◆ **THE TASK**:
What's needed is the listing below, repeated word for word with no pictures.

◆ **DATASET EXTRACT**:
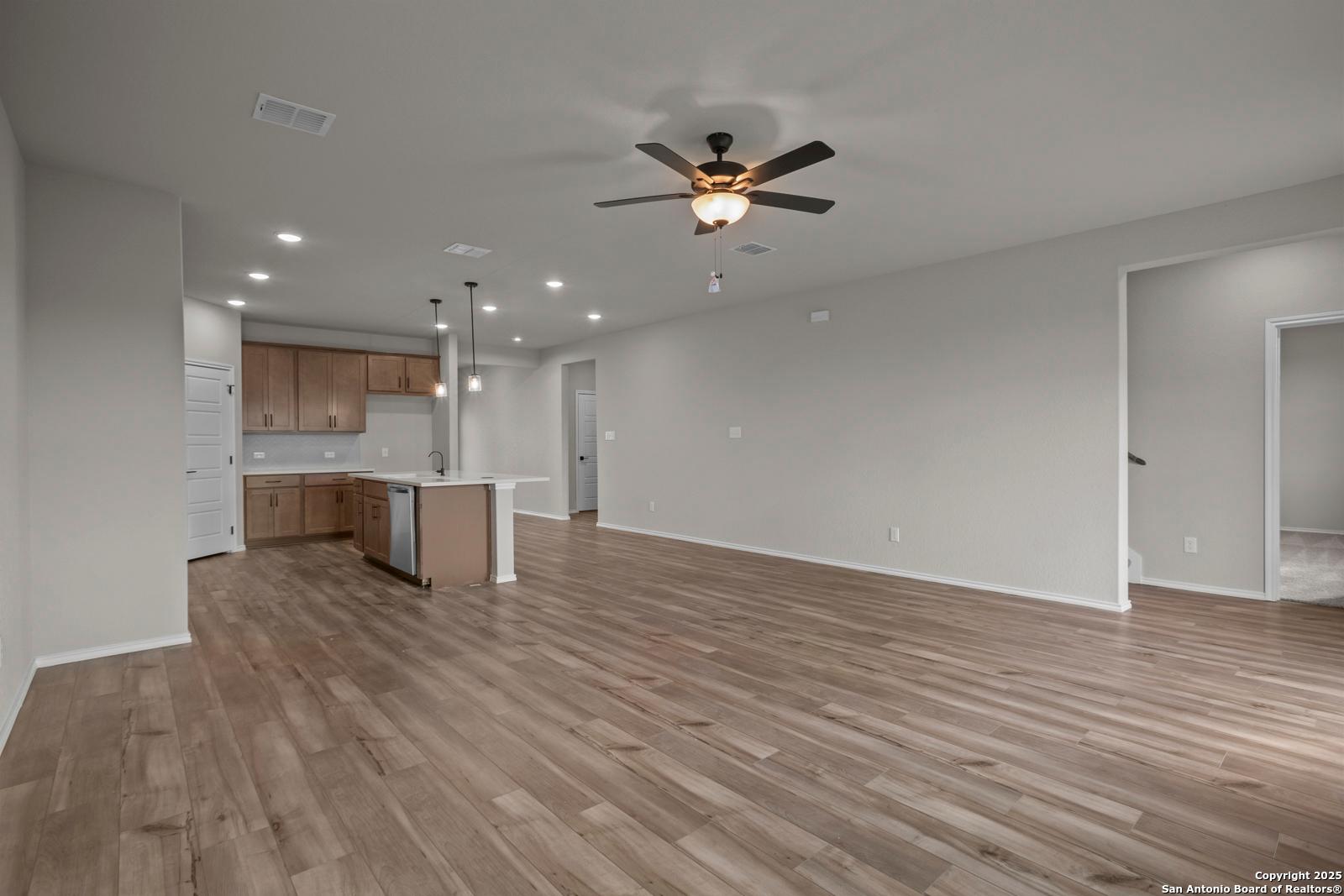Open-concept kitchen and living area with wooden cabinets, island, hardwood floors, and ceiling fans in Davidson Homes The Douglas F, San Antonio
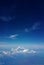 Airplane view of blue sea and blue sky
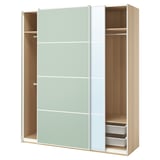 An open ikea PAX wardrobe with light green and white sliding doors, light wood interior, and mesh baskets.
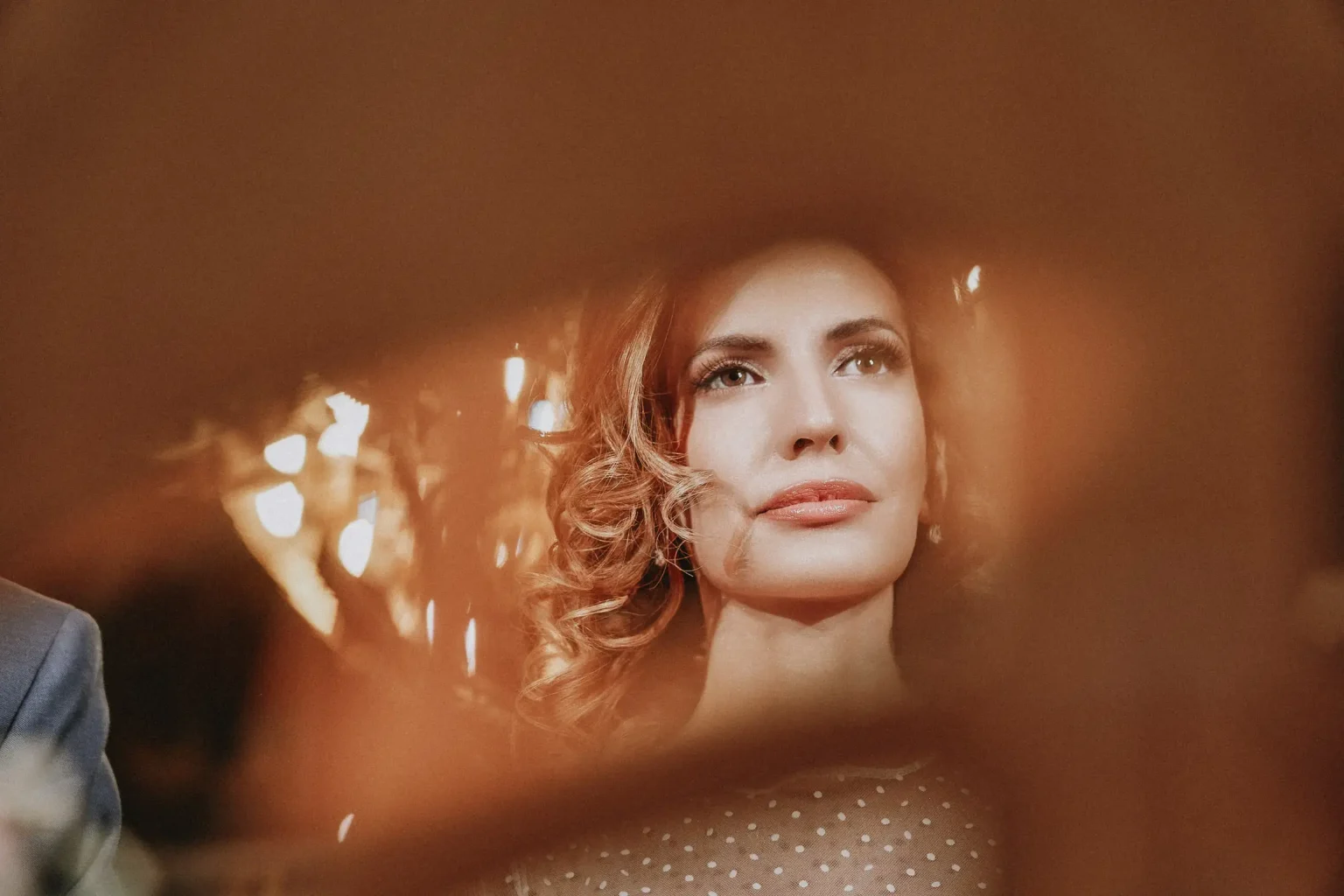 Close-up of Elena during the wedding ceremony at Agios Nikolaos, Glyfada, framed by warm blurred foreground details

◆ **RESPONSE**:
Open-concept kitchen and living area with wooden cabinets, island, hardwood floors, and ceiling fans in Davidson Homes The Douglas F, San Antonio
 Airplane view of blue sea and blue sky
 An open ikea PAX wardrobe with light green and white sliding doors, light wood interior, and mesh baskets.
 Close-up of Elena during the wedding ceremony at Agios Nikolaos, Glyfada, framed by warm blurred foreground details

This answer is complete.